Sherbrooke said with elaborate patience. “What is it … Vance?”
“The jackasses who run this place left the ends off the events tent last night, and a bunch of the posters blew over.” He sniffed indignantly, a sour little self-appointed god judging the mishaps of contemptible mortals.
I found him annoying on sight, a self-pitying little pocket of poison who sickens the air around him. He made my skin itch. That description may sound just as judgmental as I’ve just accused him of being, but what goes around comes around. Besides, I was by that time in the mood to get petty. I’d been having the granddaddy of all hard days, by all appearances, the shit hadn’t stopped raining in on me yet, and I had no need of duking it out with some banty rooster attitude case.

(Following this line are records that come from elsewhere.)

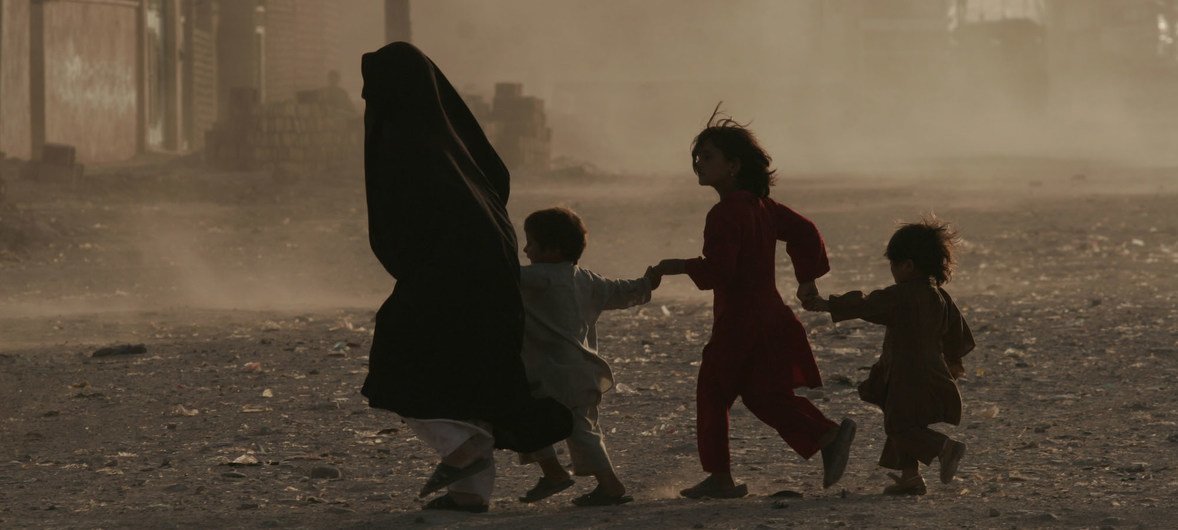 A family runs across a dusty street in Herat, Afghanistan. (file)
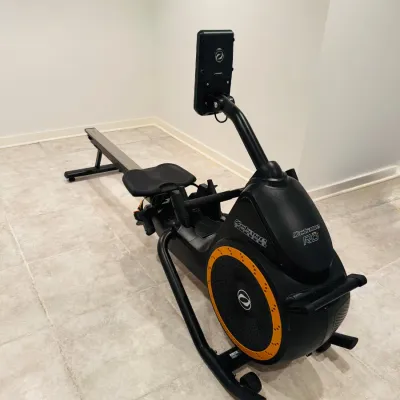 Sale Photo Thumbnail #20: Octane Fitness RO commercial-grade rowing machine with digital console display, showing light wear.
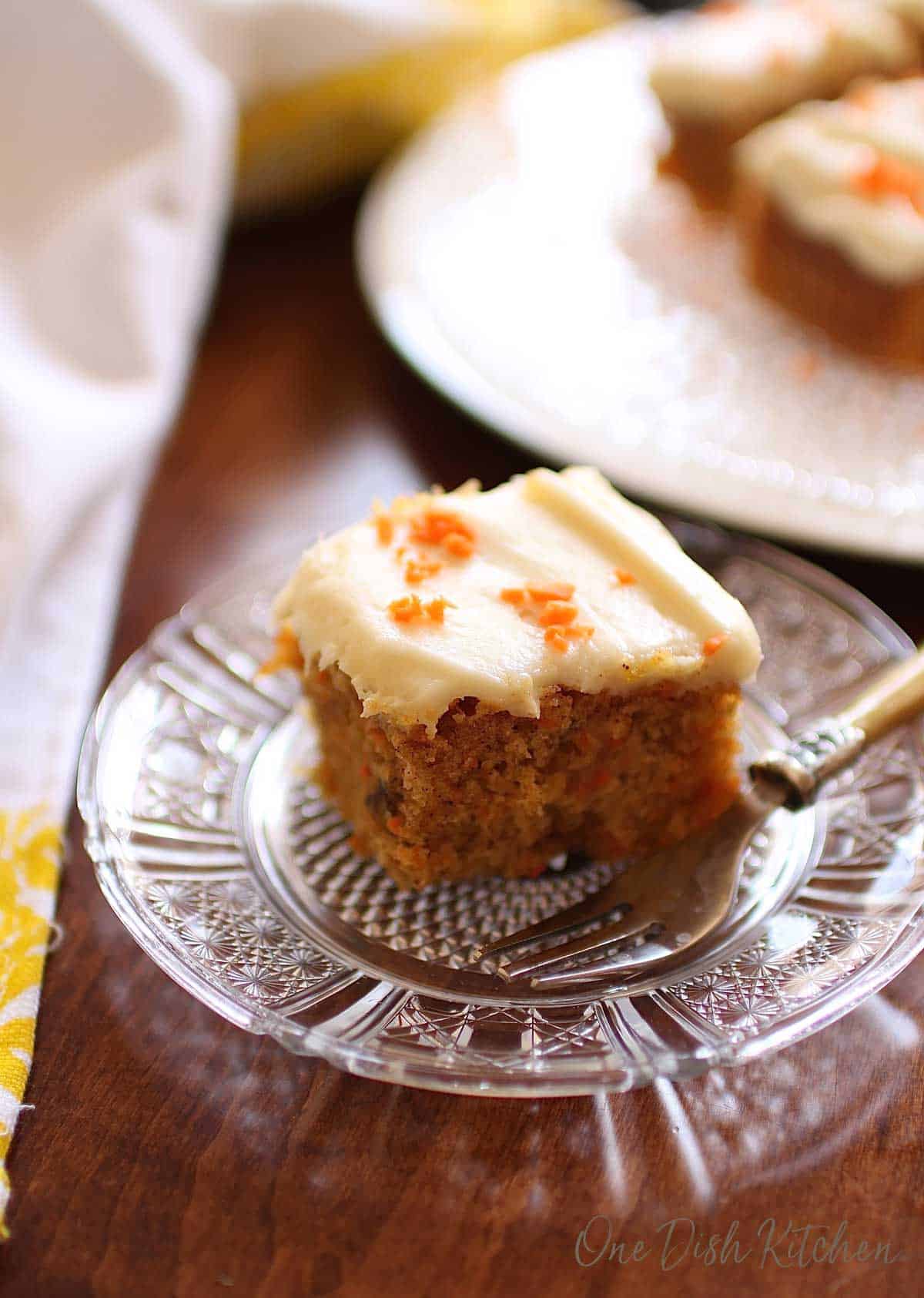 a square slice of carrot cake on a plate | one dish kitchen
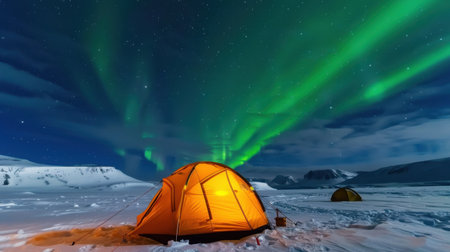 A breathtaking view of an orange tent illuminated under the stunning aurora borealis in a snowy landscape, surrounded by a star-filled night sky.の素材
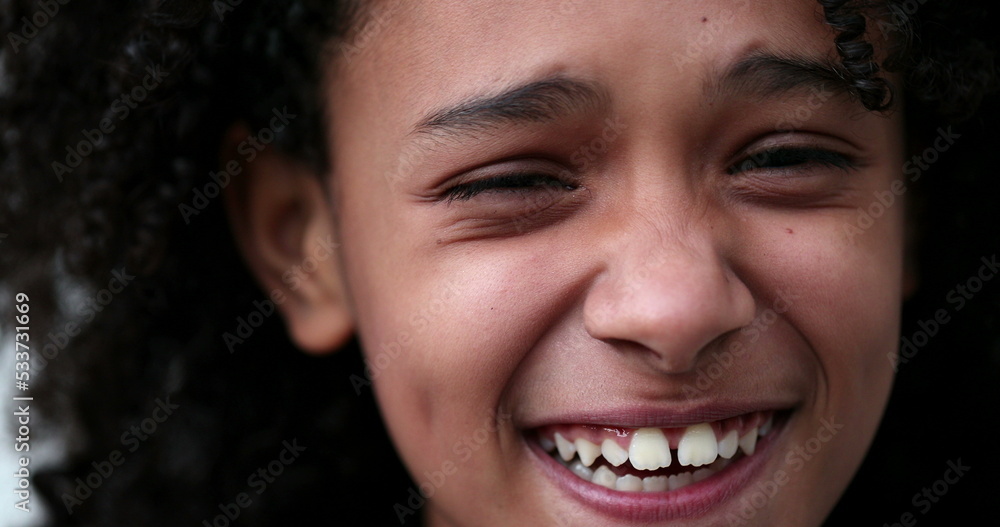 Portrait little girl smiling and laughing. African descent child face close-up Portrait little girl smiling and laughing. African descent child face close-up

I cocked a shoulder toward him so I wouldn’t have to make eye contact and tapped one foot in impatience.
Sherbrooke tilted his nose a few degrees higher, as if avoiding an unpleasant smell. “Tell them to put the ends on the tent.”
“I did.”
“Then go back there now and make sure it happens. Really, isn’t this something you can handle on your own?”
Vance slunk away.
I reasserted my place at Sherbrooke’s elbow and repeated, “My name is Em Hansen, and George Dishey invited me to—”
“Oh, yes. Hmm. I’m sorry, but I don’t recall seeing your abstract submittal. Which symposium did you say are you in?”
“My abstract …”
“Yes, your abstract. The summary of your proposed talk. Even the invited speakers submit abstracts.” He placed a hand paternally on my shoulder, as if to say, You’re being foolish in public, darling, but there, there.

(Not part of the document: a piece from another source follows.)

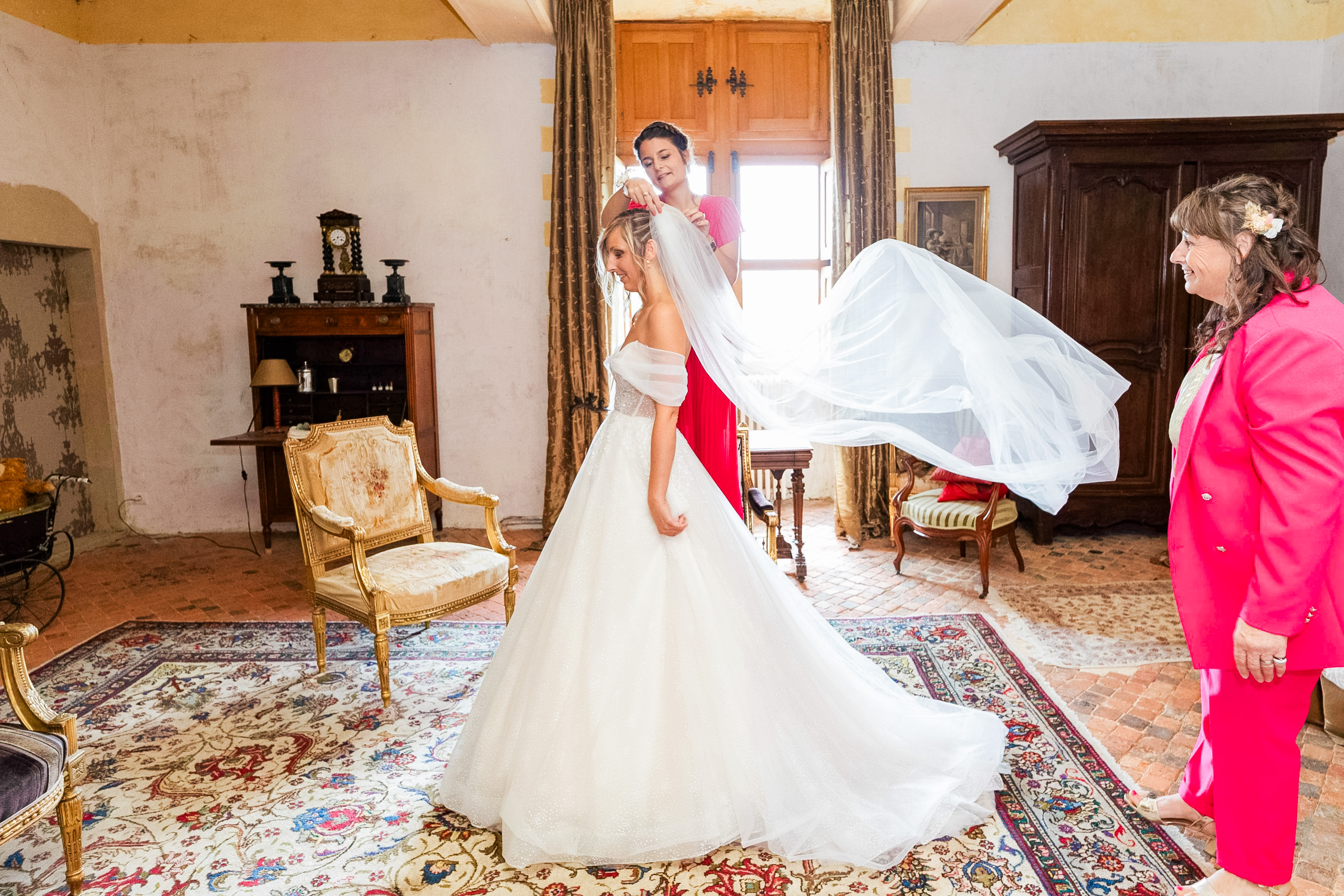 Une amie en robe rouge ajuste le voile de la mariée en le faisant voler au centre d'une pièce ancienne, sous le regard souriant d'une femme en veste rose.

The floor had now completely dissolved, I was indeed falling, and the earth was eating me for lunch. I had asked George if I needed to send an abstract, but he’d said no, he’d take care of everything, just show up. Well, he’d taken care of things, all right. “Did George even have a symposium scheduled?” I asked, the words clotting in my mouth. My ears began to ring
with the small panic of humiliation, and the odor I was smelling was rat, a great big one.
“George? No.” He laughed derisively. “When has George ever opened himself to the direct scrutiny of his colleagues?” Sherbrooke lifted his hand off my shoulder to wave at a colleague, gliding over my obvious upset with an attitude that suggested, We’ll just ignore your discomfort and perhaps it will go away. I saw his lips moving, but his words flowed past me like clouds, pale and empty. I blinked, strained to listen, focused in just in time to hear him say, “And just where is our dear George today, ah”—he looked at my badge again—“Em?”
I snapped free of my shock. “Officer Raymond can tell you better than I,” I said, and stepped aside.
Sherbrooke shifted his interest to my uniformed escort, who motioned for him to step away from the throng for a moment. It was done subtly, yet with authority. For all his comparative youth, Officer Raymond had the better moves of the two as he fetched the older man to the edge of the room. They communicated in low voices. Raymond watched intently for signs of guilt. Sherbrooke turned gray. His smile went slack and his arms dropped to his sides, giving him the aspect of a life-size doll, gape-mouthed and limp, a jelly man who’d been propped up with a stainless-steel rod up his butt to keep him stiff. As he asked questions, only his lips moved.
Presently, Sherbrooke turned to face the room. His eyes were wide and glassy.
Heads had begun to turn. Sherbrooke’s assembled colleagues observed him with the intense curiosity that only people with twenty-four years of schooling and decades of intense devotion to an investigative profession can generate.
Sherbrooke took a deep breath, lifted his chest like a thespian about to spew Shakespeare, and announced in a booming yet unsteady voice, “George Dishey is dead!”